*Your objective*. Take nothing but the lines from the one with "Volvo V50 2012 Valkoinen" through the one with "4k Time lapse" in the entries below, both ends kept, and return them exactly with pictures left out.

*Supplied data*.
* * * * * * * * *

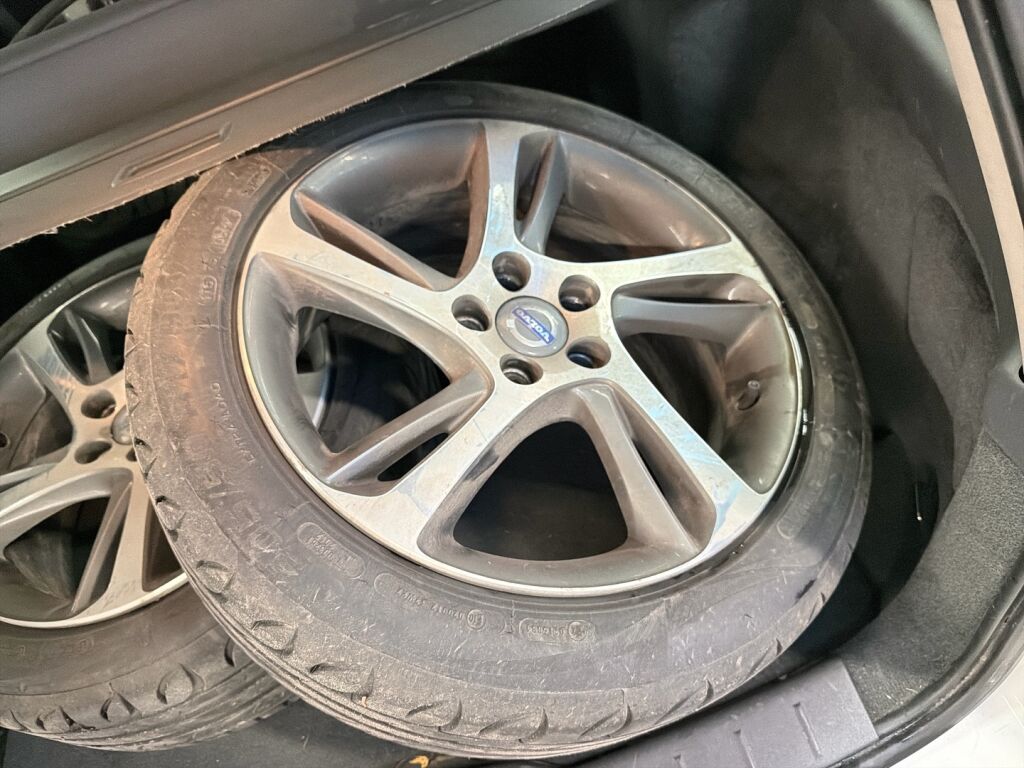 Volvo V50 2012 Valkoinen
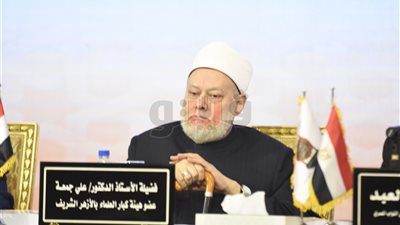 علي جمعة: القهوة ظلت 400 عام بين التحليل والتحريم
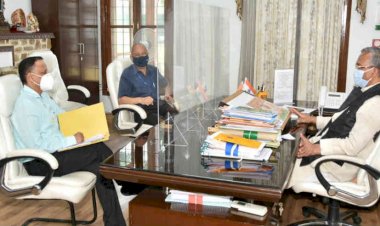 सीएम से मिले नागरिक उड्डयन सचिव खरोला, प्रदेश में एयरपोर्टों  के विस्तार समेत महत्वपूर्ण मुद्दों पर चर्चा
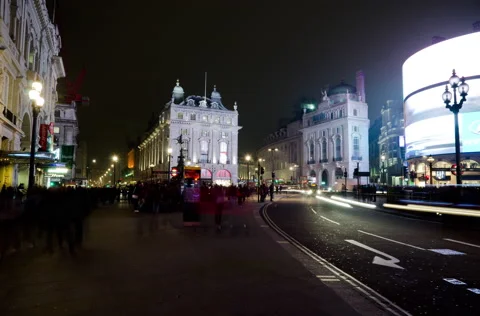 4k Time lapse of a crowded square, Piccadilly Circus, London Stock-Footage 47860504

* * * * * * * * *

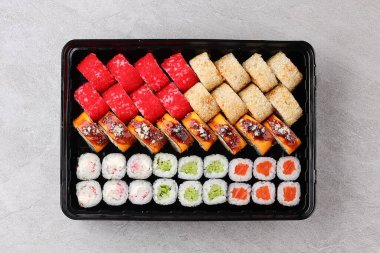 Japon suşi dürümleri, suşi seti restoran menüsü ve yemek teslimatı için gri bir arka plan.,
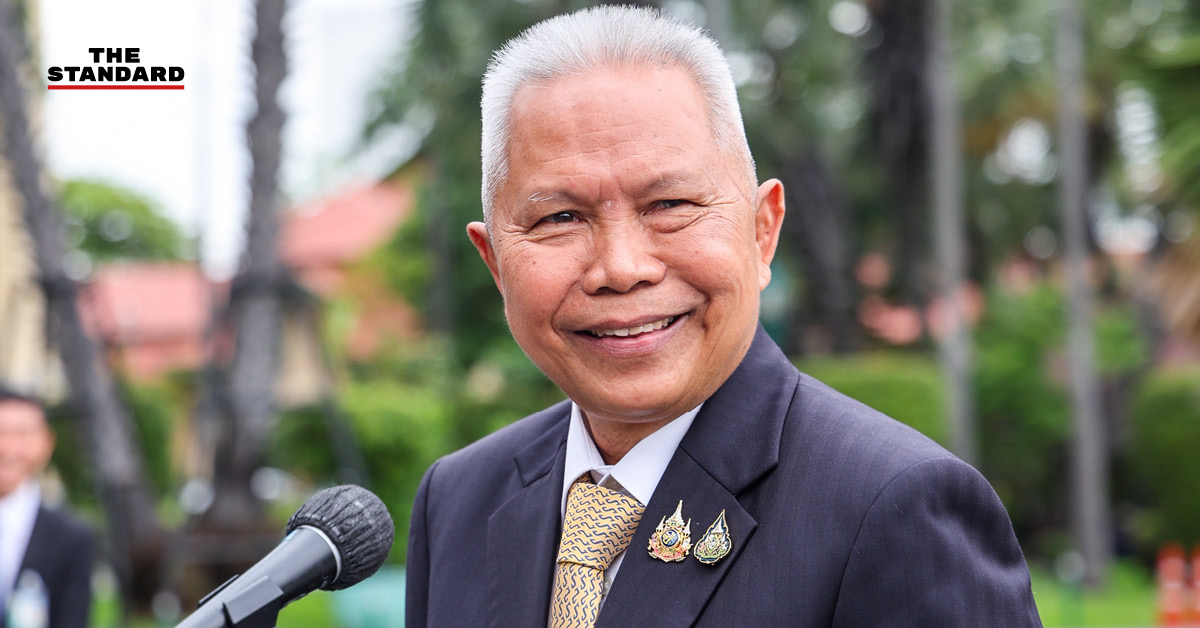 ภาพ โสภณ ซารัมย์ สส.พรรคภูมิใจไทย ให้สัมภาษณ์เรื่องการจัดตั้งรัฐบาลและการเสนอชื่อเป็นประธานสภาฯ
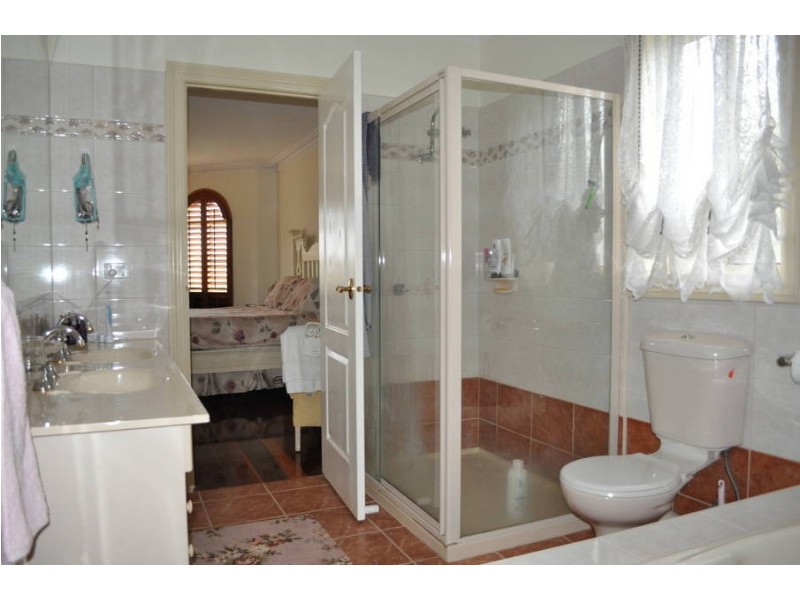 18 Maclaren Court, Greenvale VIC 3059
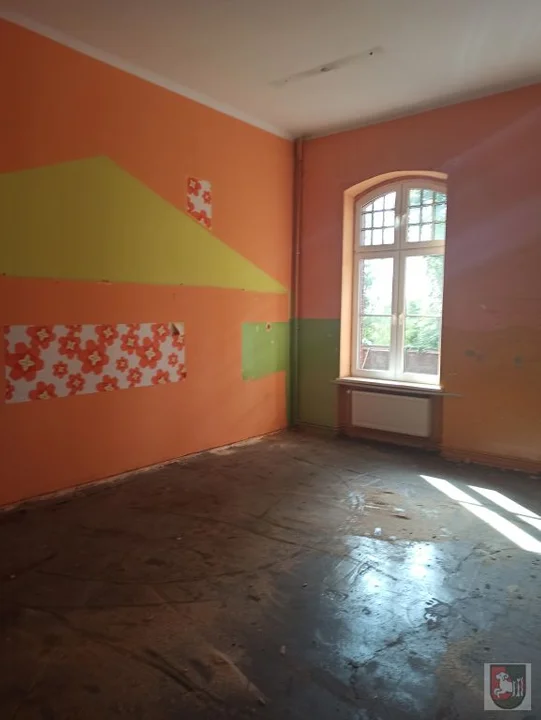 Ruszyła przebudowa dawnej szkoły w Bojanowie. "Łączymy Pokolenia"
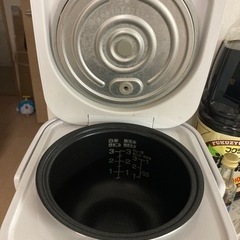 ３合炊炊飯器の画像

* * * * * * * * *

*Response area*.
 Volvo V50 2012 Valkoinen
 علي جمعة: القهوة ظلت 400 عام بين التحليل والتحريم
 सीएम से मिले नागरिक उड्डयन सचिव खरोला, प्रदेश में एयरपोर्टों  के विस्तार समेत महत्वपूर्ण मुद्दों पर चर्चा
 4k Time lapse of a crowded square, Piccadilly Circus, London Stock-Footage 47860504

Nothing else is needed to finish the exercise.